#### Task item:
Your copy should match the listing below word for word, with no images in it.

++++

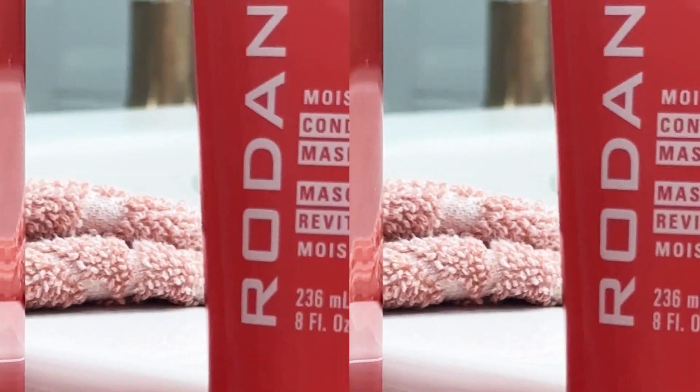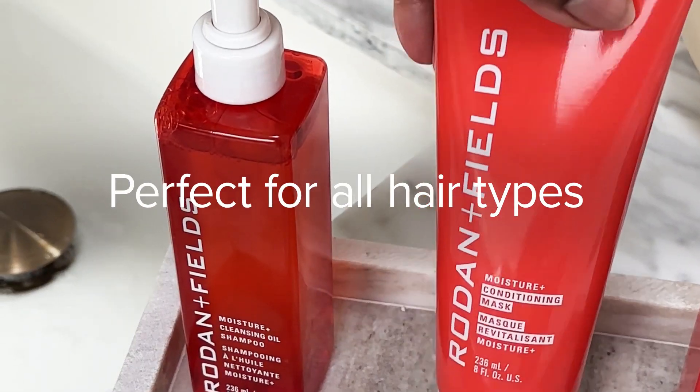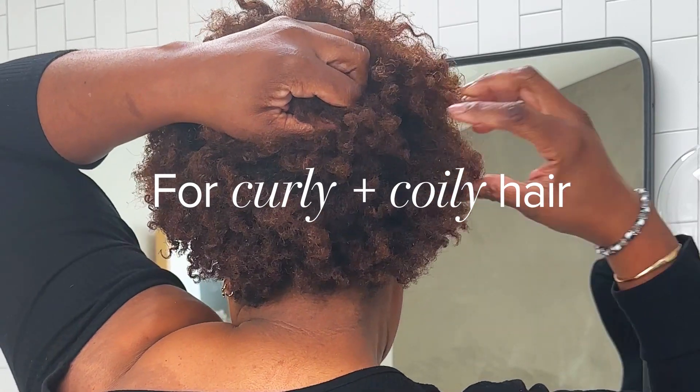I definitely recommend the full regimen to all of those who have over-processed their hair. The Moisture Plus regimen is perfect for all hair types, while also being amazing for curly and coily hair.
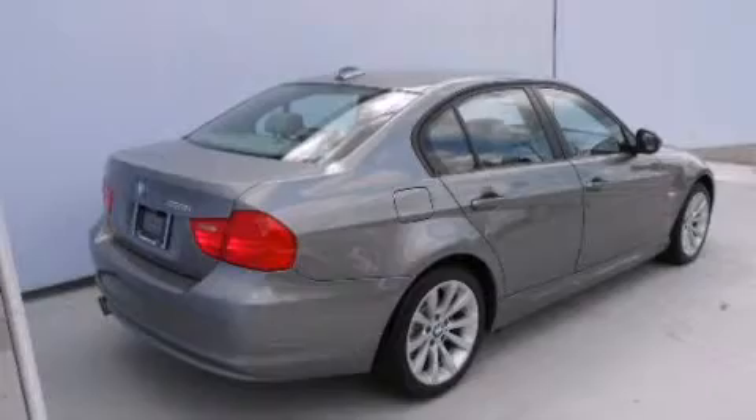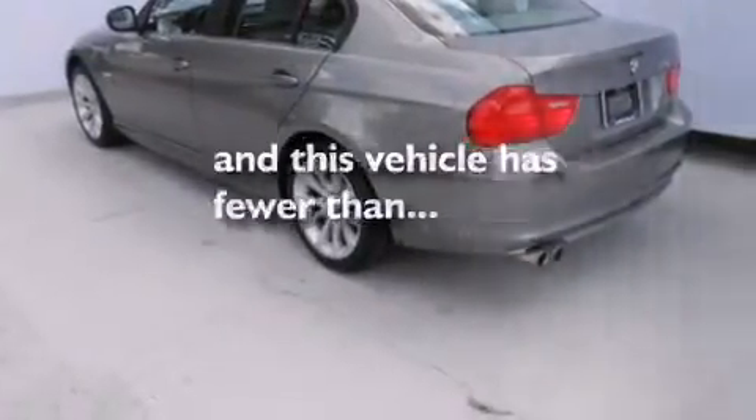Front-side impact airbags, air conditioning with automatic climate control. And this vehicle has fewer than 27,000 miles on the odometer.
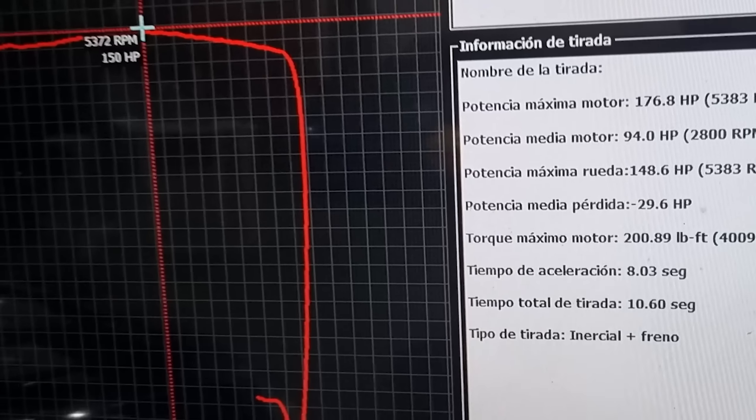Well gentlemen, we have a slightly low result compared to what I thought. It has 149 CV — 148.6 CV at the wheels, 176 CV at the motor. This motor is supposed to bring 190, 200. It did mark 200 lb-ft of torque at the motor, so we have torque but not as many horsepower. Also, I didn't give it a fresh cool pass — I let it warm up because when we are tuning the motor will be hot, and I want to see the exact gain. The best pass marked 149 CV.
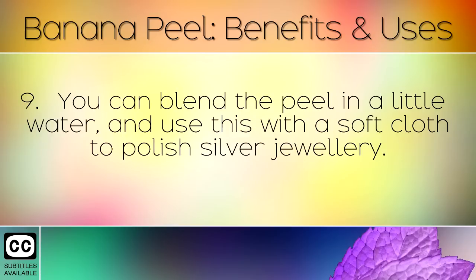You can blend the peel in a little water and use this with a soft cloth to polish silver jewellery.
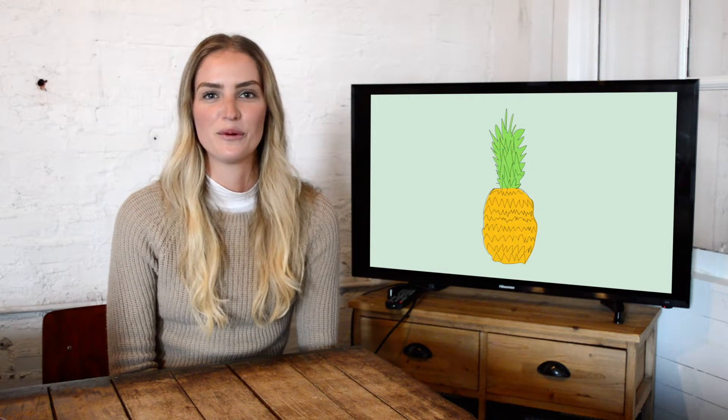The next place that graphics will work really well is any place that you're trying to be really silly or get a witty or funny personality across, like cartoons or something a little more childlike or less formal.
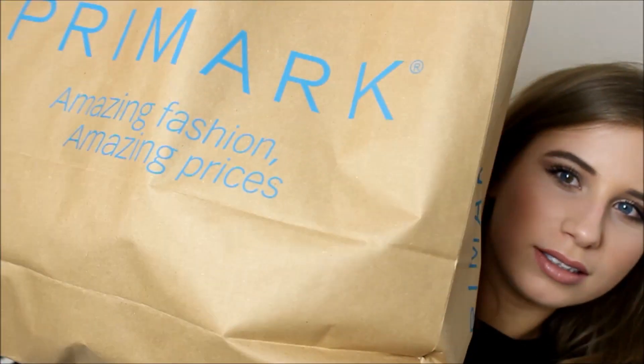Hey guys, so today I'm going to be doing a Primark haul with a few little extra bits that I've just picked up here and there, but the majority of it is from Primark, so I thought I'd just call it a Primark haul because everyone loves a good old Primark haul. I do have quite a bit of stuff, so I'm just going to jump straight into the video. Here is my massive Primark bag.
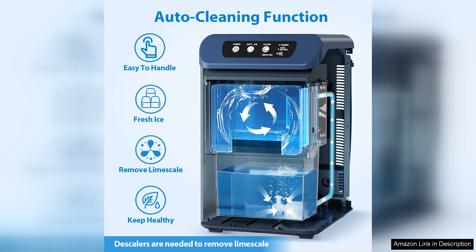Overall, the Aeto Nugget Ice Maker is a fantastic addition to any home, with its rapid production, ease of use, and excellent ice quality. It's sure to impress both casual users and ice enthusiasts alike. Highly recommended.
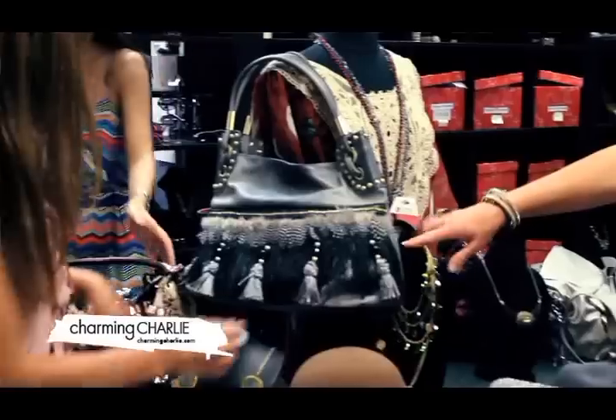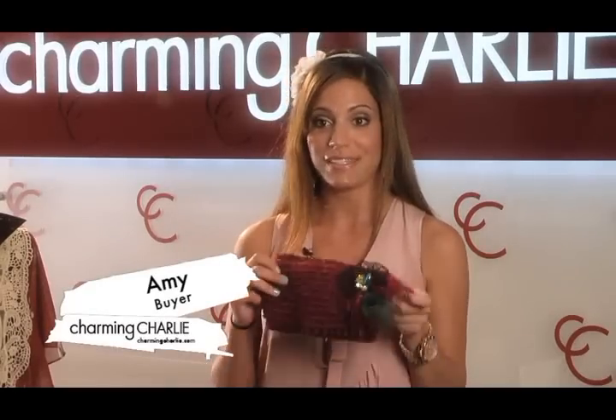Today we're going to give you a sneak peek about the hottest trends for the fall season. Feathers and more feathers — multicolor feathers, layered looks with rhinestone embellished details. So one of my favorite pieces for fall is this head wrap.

++++

#### Task output:
I definitely recommend the full regimen to all of those who have over-processed their hair. The Moisture Plus regimen is perfect for all hair types, while also being amazing for curly and coily hair.
Front-side impact airbags, air conditioning with automatic climate control. And this vehicle has fewer than 27,000 miles on the odometer.
Well gentlemen, we have a slightly low result compared to what I thought. It has 149 CV — 148.6 CV at the wheels, 176 CV at the motor. This motor is supposed to bring 190, 200. It did mark 200 lb-ft of torque at the motor, so we have torque but not as many horsepower. Also, I didn't give it a fresh cool pass — I let it warm up because when we are tuning the motor will be hot, and I want to see the exact gain. The best pass marked 149 CV.
You can blend the peel in a little water and use this with a soft cloth to polish silver jewellery.
The next place that graphics will work really well is any place that you're trying to be really silly or get a witty or funny personality across, like cartoons or something a little more childlike or less formal.
Hey guys, so today I'm going to be doing a Primark haul with a few little extra bits that I've just picked up here and there, but the majority of it is from Primark, so I thought I'd just call it a Primark haul because everyone loves a good old Primark haul. I do have quite a bit of stuff, so I'm just going to jump straight into the video. Here is my massive Primark bag.
Overall, the Aeto Nugget Ice Maker is a fantastic addition to any home, with its rapid production, ease of use, and excellent ice quality. It's sure to impress both casual users and ice enthusiasts alike. Highly recommended.
Today we're going to give you a sneak peek about the hottest trends for the fall season. Feathers and more feathers — multicolor feathers, layered looks with rhinestone embellished details. So one of my favorite pieces for fall is this head wrap.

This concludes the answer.